General characteristics
- Type: commercial refrigerator ship
- Displacement: 10,502 tons
- Length: 392 ft 6 in (119.63 m)
- Beam: 52 ft (16 m)
- Draft: 23 ft (7.0 m)
- Propulsion: not known
- Speed: 10.5 knots
- Crew: 108 crew members
- Armament: one 5-inch gun and one 3-inch gun

= USS Muscatine (ID-2226) =

Cargo ship of the United States Navy

USS Muscatine (ID-2226) was a Norwegian refrigerator ship (reefer ship) obtained by the U.S. Navy from the United States Shipping Board (USSB) during World War I. She served for the duration of the war, carrying "beef and butter" for military personnel in Europe.

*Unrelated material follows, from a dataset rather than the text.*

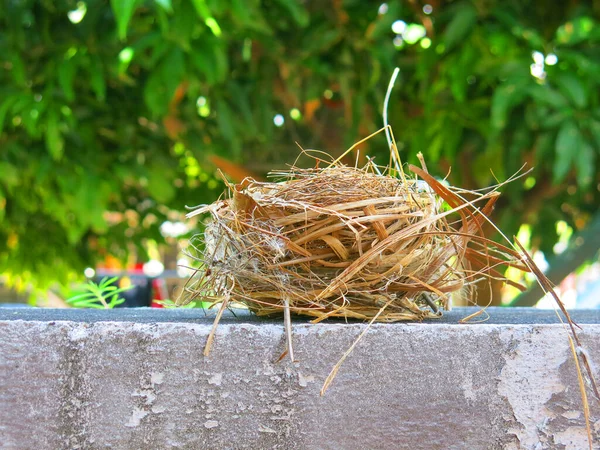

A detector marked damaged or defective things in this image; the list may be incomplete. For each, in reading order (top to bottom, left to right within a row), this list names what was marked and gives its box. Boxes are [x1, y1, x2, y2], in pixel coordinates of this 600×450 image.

cracked concrete edge [0, 320, 596, 450]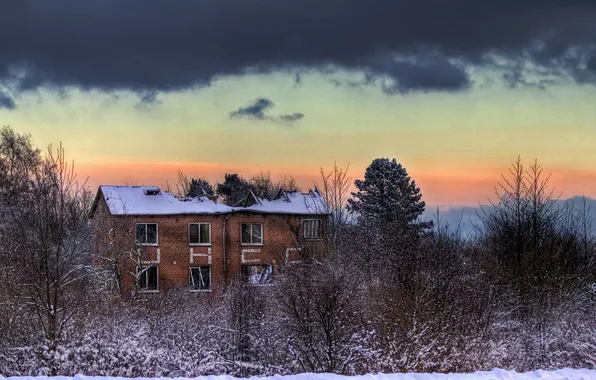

She returned to commercial service after the war and later was renamed Floridian and Elizabeth. During World War II, she was struck by torpedoes from a German submarine and sank in the Yucatán Channel.

==Built at Shooters Island==
Muscatine, a refrigerator ship built in 1917 as Stian by Standard Shipbuilding Corps., Shooters Island, New York, for the Norwegian firm Salveson, Chr. & Co., was commandeered by the United States Shipping Board and transferred to the U.S. Navy on 28 April 1918. She was commissioned on 2 May 1918.

==World War I service==
After refitting and loading a mixed cargo of U.S. Navy supplies, Muscatine cleared Halifax, Nova Scotia, Canada, in convoy on 30 May 1918 bound for France. Arriving at St. Nazaire on 14 June 1918, she discharged her cargo, proceeded to Verdun-sur-Mer, and departed in convoy for New York on 7 July 1918. In the subsequent months the ship made five more round trip voyages to St. Nazaire with cargoes of beef and butter.

After completing her last run early in July 1919, Muscatine was decommissioned at New York City on 16 July 1919 and returned to the U.S. Shipping Board.

==Subsequent career and fate==
In 1929, Muscatine was sold to F. D. M. Stracham of Savannah, Georgia, and in 1930 she was renamed Floridian. In 1936, she was renamed Elizabeth.

During World War II, Elizabeth was torpedoed and sunk on 21 May 1942 in the Yucatán Channel by the German submarine under the command of Werner Winter. Six of her 42 crew were lost.